The news report that about 15 airports that gulped no less than N301bn altogether failed to meet an annual threshold of passenger traffic exemplifies Nigeria’s white elephant peculiarity that I call “concrete democracy.” It is a phenomenon where the supposed dividends of democracy are expressed through concrete infrastructure or facility divorced from perceptible ideological agenda or end goals but still exists—justifiably by its initiators, designers, and contractors—solely for its mere tangibility.
In Nigeria, concrete democracy manifests in the building of bridges, flyovers, foot bridges, airports, highways, stadia, public buildings, universities, public transport systems, all of which are of minimal productive value. While conspicuous (and even) imposing, such projects are unsustainable and should never have materialised. The major reason they exist is because they are made of literal concrete and their sturdy physicality gives the impression that democracy is paying off well in those material tokens.
Since 1999, some 15 airports built by state governments of Ogun, Bayelsa, Osun, Delta, Ebonyi, Akwa Ibom, Ekiti, Anambra, Abia, Yobe, Nasarawa, Kebbi, Edo, Gombe, and Jigawa have (expectedly) been underperforming. Despite the fancy tag of “cargo” or “international” added to their monikers to give them some functional weight, these facilities do not attract much traffic to justify the expense of building them. According to Director-General of the National Civil Aviation Authority, Musa Nuhu, these state airports put a massive burden on the agency that has to manage them with federal resources. Some are patronised only by executives who travel once or twice a week. He said, “An airport that needs N300m a month (to maintain) and they have just 1,000 passengers a month, there is no magic that can make them sustainable, and FAAN doesn’t have the money.”
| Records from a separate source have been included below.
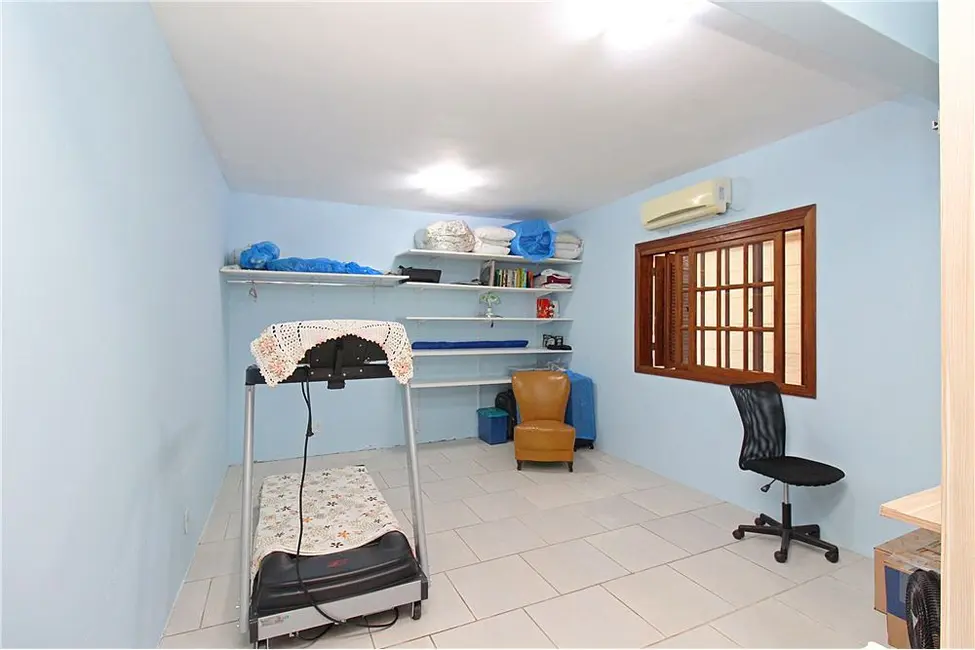 Foto 7 de Casa com 3 quartos à venda, 198m2 em Medianeira, Porto Alegre - RS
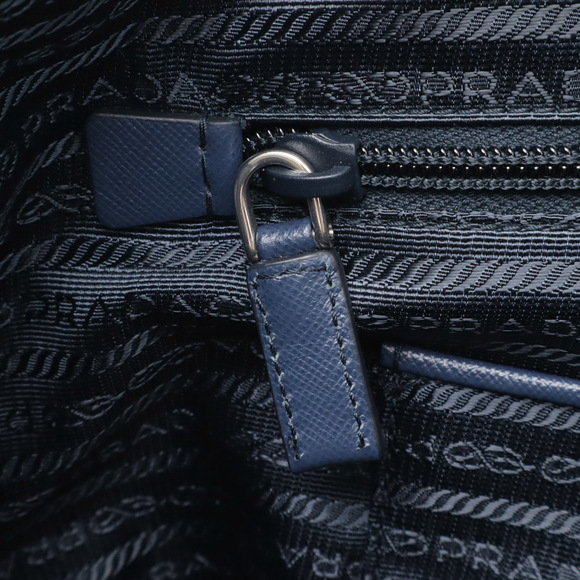 PRADA White Leather Shoulder Bag - Picture 10 of 10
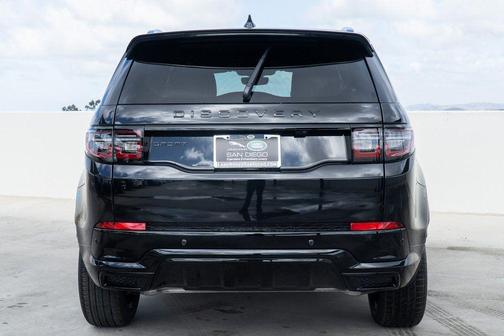 Santorini Black 2025 Land Rover Discovery Sport SE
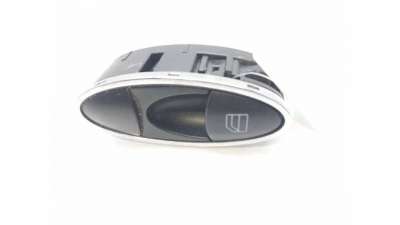 MANDO ELEVALUNAS TRASERO IZQUIERDO MERCEDES-BENZ CLASE E (2002-2008) E 270 CDI (211.016) 177CV 2685CC - L.8179233 / A211821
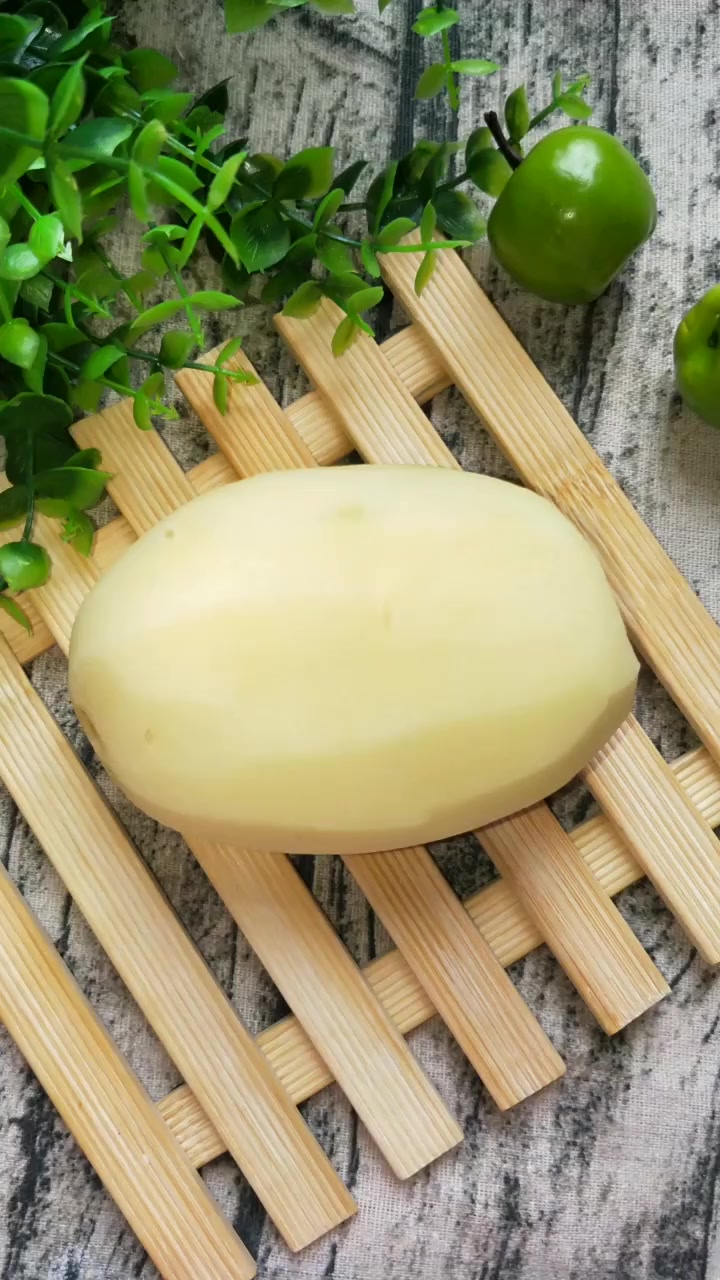 喜欢吃辣的朋友有福了!麻辣土豆片制作过程,你学会了吗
In a country that produces virtually nothing and a huge chunk of our economy—including our leisure activities—is sustained by importation, it surprises no serious thinking person that these facilities barely function. How many of these states that built the airport generate enough revenue to even pay salaries? How many of the airport builders have demonstrated any sustained initiative to create means of income generation outside the oil revenue they go cap in hand to beg for every month in the Federal Capital Territory? If not for docile legislators who rubber-stamp every frivolity, such projects would never have happened.
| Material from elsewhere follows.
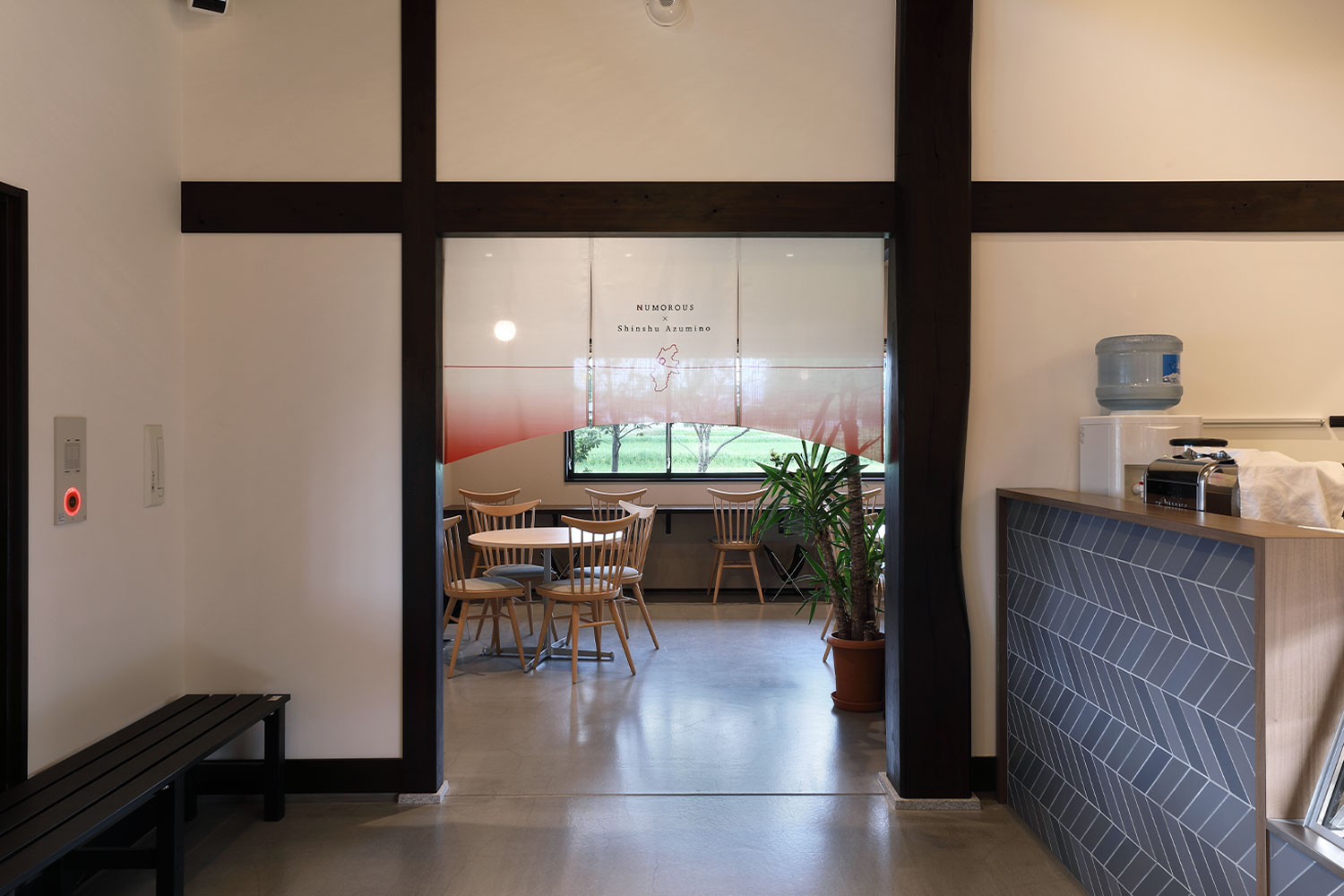 ケーキ屋・洋菓子店の暖簾デザイン_長野県安曇野市 Laboratory NUMOROUS(ラボラトリーニューモラス)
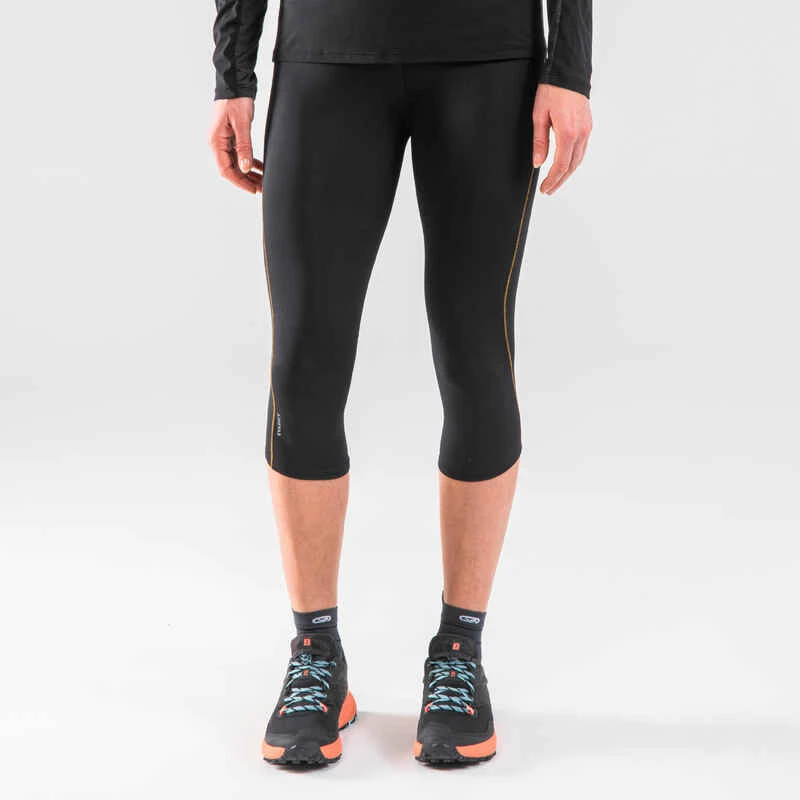 LEGGING DE TRAIL RUNNING 3/4 FEMME EMBOSS NOIR BRONZE 4 LEGGING DE TRAIL RUNNING 3/4 FEMME EMBOSS NOIR BRONZE – Image 2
Aside from Lagos (which generates 60 per cent of FAAN’s revenue), Abuja, and maybe Port Harcourt, most airports in Nigeria do not see as much traffic as even a small town in well-developed economies. That is because airports are about mobility within a productive economy where people and goods must be able to move so as to beat the logistics of space and time. In Nigeria where the major subsisting industry is politics, it is unsurprising that most of these useless airports only come into use when a self-important politician needs to travel. Even in the airports with supposedly high traffic, the number of flight delays routinely experienced is either proof that we just do not have as much traffic to fill up air slots, or we are a badly disorganised society, or both are true.
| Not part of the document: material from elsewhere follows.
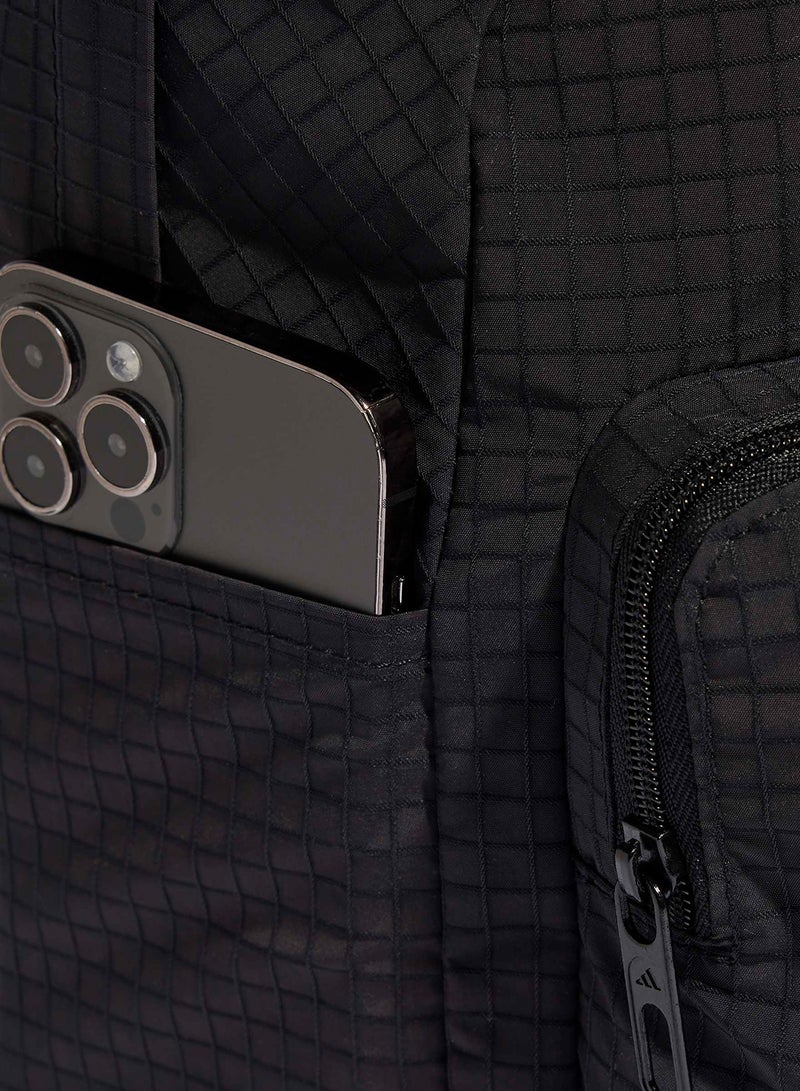 اديداس حقيبة ظهر أساسية للعودة إلى الحرم الجامعي - Image 4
So, why do public officials spend so much money on these useless projects? Well, there are at least three reasons. One is that the concreteness of those facilities has a colossal spectacular value which, in Nigeria, translates to cumulative propaganda points. Our people do not have the patience for a democracy of ideas, ideology, concepts, and long-term planning. You lose an average Nigerian voter the moment you start with intangibles like human capital development. You must give them something to feel and touch like bridges, railways, and physical facilities. It is this obsession with the tangible that makes our society start new universities frequently without an attendant plan to produce enriching knowledge.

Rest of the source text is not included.